─── RECORDED DATA

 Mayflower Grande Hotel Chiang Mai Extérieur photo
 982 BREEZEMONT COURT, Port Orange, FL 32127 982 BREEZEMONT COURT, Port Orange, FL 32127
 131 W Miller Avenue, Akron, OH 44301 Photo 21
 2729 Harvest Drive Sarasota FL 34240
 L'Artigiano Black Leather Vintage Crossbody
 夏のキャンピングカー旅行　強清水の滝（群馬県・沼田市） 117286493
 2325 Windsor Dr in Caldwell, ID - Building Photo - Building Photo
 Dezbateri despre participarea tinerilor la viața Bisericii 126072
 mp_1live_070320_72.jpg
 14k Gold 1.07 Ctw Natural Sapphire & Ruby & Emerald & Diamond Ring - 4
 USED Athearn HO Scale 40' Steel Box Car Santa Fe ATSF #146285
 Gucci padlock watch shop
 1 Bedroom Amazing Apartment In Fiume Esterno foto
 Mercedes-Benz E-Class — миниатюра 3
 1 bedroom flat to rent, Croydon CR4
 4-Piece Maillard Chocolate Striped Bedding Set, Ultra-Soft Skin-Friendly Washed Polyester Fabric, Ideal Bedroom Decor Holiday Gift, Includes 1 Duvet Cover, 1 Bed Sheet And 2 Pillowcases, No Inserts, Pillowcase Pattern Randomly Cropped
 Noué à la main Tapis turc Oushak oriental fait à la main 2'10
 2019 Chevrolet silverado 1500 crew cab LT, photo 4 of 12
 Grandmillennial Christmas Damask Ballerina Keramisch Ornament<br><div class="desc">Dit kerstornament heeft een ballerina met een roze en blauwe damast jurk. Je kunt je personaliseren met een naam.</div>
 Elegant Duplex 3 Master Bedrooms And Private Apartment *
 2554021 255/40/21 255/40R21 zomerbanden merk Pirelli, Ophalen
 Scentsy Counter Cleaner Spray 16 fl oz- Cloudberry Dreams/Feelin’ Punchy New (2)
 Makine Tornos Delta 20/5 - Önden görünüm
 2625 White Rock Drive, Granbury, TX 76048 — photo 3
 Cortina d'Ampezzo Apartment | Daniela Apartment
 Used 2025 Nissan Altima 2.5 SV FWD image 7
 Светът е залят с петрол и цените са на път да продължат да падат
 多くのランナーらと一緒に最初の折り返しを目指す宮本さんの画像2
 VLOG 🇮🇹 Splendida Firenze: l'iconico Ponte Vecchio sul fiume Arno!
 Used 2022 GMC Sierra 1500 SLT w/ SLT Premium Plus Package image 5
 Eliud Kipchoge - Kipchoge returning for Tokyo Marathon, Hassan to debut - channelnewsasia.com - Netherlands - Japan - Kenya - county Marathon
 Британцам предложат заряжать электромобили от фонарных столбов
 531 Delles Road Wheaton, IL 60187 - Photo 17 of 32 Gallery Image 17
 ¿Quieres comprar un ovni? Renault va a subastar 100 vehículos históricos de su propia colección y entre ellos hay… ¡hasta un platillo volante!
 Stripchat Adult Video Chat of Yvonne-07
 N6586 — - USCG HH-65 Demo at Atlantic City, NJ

──────

(EXERCISE DIRECTIONS):
Given the records above, reproduce precisely and only the lines between the line holding "4-Piece Maillard Chocolate" and the line holding "531 Delles Road", inclusive.

(ANSWER TO THIS EXERCISE):
 4-Piece Maillard Chocolate Striped Bedding Set, Ultra-Soft Skin-Friendly Washed Polyester Fabric, Ideal Bedroom Decor Holiday Gift, Includes 1 Duvet Cover, 1 Bed Sheet And 2 Pillowcases, No Inserts, Pillowcase Pattern Randomly Cropped
 Noué à la main Tapis turc Oushak oriental fait à la main 2'10
 2019 Chevrolet silverado 1500 crew cab LT, photo 4 of 12
 Grandmillennial Christmas Damask Ballerina Keramisch Ornament<br><div class="desc">Dit kerstornament heeft een ballerina met een roze en blauwe damast jurk. Je kunt je personaliseren met een naam.</div>
 Elegant Duplex 3 Master Bedrooms And Private Apartment *
 2554021 255/40/21 255/40R21 zomerbanden merk Pirelli, Ophalen
 Scentsy Counter Cleaner Spray 16 fl oz- Cloudberry Dreams/Feelin’ Punchy New (2)
 Makine Tornos Delta 20/5 - Önden görünüm
 2625 White Rock Drive, Granbury, TX 76048 — photo 3
 Cortina d'Ampezzo Apartment | Daniela Apartment
 Used 2025 Nissan Altima 2.5 SV FWD image 7
 Светът е залят с петрол и цените са на път да продължат да падат
 多くのランナーらと一緒に最初の折り返しを目指す宮本さんの画像2
 VLOG 🇮🇹 Splendida Firenze: l'iconico Ponte Vecchio sul fiume Arno!
 Used 2022 GMC Sierra 1500 SLT w/ SLT Premium Plus Package image 5
 Eliud Kipchoge - Kipchoge returning for Tokyo Marathon, Hassan to debut - channelnewsasia.com - Netherlands - Japan - Kenya - county Marathon
 Британцам предложат заряжать электромобили от фонарных столбов
 531 Delles Road Wheaton, IL 60187 - Photo 17 of 32 Gallery Image 17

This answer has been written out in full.